Logical specifying whether to weight sites according to the number of quartets they are decisive for.

Value

ClusteringConcordance(return = "all") returns a 3D array where each slice corresponds to a character (site), each column to a tree split, and each row to a different information measure. The normalized row gives the normalized mutual information between each split-character pair, scaled so that 1.0 corresponds to hBest (the theoretical maximum mutual information, being the minimum of hSplit and hChar) and 0.0 corresponds to miRand (the expected mutual information under random association). hSplit gives the entropy (information content) of each split's bipartition; hChar gives the entropy of each character's state distribution; hJoint gives the joint entropy of the split-character confusion matrix; mi gives the raw mutual information; and n records the number of informative observations. Negative normalized values indicate observed mutual information below random expectation. NA is returned when hBest = 0 (no information potential).

ClusteringConcordance(return = "edge") returns a vector where each element corresponds to a split (an edge of the tree) and gives the normalized mutual information between that split and the character data, averaged across all characters. When normalize = TRUE (default), values are scaled relative to random expectation; when FALSE, raw mutual information normalized by hBest is returned.
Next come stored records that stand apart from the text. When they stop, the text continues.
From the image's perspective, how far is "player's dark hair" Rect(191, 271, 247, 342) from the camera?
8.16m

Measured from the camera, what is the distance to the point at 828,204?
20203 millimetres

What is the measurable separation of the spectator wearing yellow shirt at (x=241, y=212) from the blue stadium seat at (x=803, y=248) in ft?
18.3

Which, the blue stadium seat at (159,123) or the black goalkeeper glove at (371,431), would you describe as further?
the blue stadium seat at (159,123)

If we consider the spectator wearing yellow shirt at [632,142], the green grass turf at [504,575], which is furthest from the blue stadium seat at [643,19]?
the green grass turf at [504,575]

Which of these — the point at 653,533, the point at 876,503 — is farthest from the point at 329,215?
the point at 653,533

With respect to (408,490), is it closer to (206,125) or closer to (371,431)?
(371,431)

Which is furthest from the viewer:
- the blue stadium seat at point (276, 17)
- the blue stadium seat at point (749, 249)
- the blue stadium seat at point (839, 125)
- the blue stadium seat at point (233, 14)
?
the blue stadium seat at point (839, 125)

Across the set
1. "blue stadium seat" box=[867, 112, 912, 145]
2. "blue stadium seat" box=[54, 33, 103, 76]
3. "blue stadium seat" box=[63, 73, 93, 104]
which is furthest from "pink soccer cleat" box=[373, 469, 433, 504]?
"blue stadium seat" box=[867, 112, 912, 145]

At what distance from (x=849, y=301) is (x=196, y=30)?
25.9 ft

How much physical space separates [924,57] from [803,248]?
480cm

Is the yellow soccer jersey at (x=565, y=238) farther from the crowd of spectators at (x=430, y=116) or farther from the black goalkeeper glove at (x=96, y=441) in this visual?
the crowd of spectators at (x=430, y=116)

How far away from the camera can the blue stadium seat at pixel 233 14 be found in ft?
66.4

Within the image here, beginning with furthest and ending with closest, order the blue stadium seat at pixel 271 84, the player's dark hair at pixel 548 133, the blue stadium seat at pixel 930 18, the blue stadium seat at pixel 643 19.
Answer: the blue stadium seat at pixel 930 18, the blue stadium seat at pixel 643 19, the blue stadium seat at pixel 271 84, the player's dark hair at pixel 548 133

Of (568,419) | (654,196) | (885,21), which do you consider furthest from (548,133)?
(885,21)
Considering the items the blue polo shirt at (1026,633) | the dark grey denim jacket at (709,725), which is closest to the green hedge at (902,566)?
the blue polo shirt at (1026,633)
ClusteringConcordance(return = "char") returns a vector where each element corresponds to a character (site) and gives the entropy-weighted average normalized mutual information between that character and all tree splits. Characters with higher information content receive proportionally more weight from splits that can potentially convey more information about them.

ClusteringConcordance(return = "tree") returns a single value representing the overall concordance between the tree topology and the character data. This averages the fit of the best-matching split for each character. This is included for completeness, though it is not clear that this is a useful or meaningful measure.
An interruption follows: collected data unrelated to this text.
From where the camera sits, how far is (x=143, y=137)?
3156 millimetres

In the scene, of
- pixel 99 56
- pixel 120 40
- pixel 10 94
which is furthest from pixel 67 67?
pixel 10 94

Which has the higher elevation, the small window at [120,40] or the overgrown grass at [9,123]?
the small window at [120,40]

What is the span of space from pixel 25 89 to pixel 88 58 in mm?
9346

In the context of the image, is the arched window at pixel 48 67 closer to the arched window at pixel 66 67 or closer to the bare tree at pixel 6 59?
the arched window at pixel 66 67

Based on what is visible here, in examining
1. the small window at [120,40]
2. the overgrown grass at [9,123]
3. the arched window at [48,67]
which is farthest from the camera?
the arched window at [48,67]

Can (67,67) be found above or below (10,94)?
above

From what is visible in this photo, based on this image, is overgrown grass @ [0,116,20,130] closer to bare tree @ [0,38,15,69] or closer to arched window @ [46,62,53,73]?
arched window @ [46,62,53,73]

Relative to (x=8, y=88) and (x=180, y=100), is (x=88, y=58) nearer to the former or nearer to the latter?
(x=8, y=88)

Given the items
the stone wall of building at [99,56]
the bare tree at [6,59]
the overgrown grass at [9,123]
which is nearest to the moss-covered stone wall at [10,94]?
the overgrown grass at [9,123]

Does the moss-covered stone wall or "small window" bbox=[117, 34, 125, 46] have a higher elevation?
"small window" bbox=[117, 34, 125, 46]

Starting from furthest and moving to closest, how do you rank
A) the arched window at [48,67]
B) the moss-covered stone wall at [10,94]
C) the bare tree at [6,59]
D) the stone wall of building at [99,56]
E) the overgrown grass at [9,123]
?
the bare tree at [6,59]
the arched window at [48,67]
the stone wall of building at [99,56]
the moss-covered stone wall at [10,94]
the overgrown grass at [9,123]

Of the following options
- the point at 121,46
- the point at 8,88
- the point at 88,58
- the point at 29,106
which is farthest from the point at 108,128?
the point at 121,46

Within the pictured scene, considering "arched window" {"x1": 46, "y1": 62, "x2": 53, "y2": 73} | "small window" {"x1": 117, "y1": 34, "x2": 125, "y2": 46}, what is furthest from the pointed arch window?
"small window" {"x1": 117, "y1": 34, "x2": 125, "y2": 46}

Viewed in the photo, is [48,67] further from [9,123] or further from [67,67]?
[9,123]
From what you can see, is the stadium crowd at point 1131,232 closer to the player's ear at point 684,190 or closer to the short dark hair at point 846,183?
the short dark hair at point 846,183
MutualClusteringConcordance() returns the mutual clustering concordance of each character in dataset with tree. The attribute weighted.mean gives the mean value, weighted by the information content of each character.

QuartetConcordance(return = "edge") returns a numeric vector giving the concordance index at each split across all sites; names specify the number of each corresponding split in tree.

QuartetConcordance(return = "char") returns a numeric vector giving the concordance index calculated at each site, averaged across all splits.

PhylogeneticConcordance() returns a numeric vector giving the phylogenetic information of each split in tree, named according to the split's internal numbering.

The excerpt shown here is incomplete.